The Battle of the Little Big Horn

Terry and Gibbon’s columns joined together at the mouth of the Rosebud River in early June. On the 22nd the 7th Cavalry with Custer in command was detached to make a reconnaissance down the Rosebud. The rest of the Terry/Gibbon troops were to follow the Bighorn and Little Big Horn Rivers to where it was expected the Sioux and Cheyenne would be camped.

Let us put to bed right here one misconception about the 7th. It was not a ‘crack’ regiment at all. Firstly, it was a far from happy regiment with a lot of ill feeling amongst the officers about the nepotism shown by Custer. Within the 31 officers in the regiment Custer had under his command two brothers, Boston and Thomas, a brother-in-law, James Calhoun, plus a nephew, Henry Reed. Custer was at odds with Major Reno and Captain Benteen, and there was not much love lost between Custer and the rest of the officers and (10)troopers. Custer was a hard taskmaster.

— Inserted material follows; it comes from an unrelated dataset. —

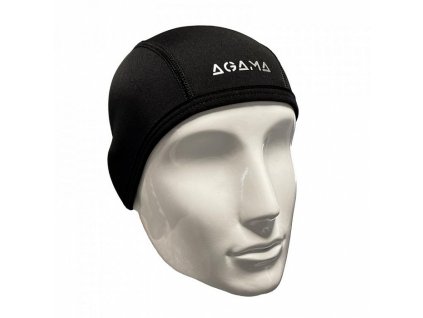 Neoprén sapka Agama Wave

Also, the training of the troopers was poor, as was the case for most troopers on the frontier at this stage in American history. Custer’s men were issued with Springfield 1873 model single shot carbines of old design. The men had very little target practice, only 20 rounds per year, because of the cost of ammunition. All troopers were issued with a colt single action army revolver firing 6 shots, but sabres had been left behind on Custer’s (11)orders.

Custer felt that he was getting close to the Indian encampment on the 24th June when his scouts, both white and Indian, brought reports of a large village camped along the banks of the Little Big Horn River. At this time Custer’s main concern was not to ‘spook’ the Indians before he could get into a position to attack.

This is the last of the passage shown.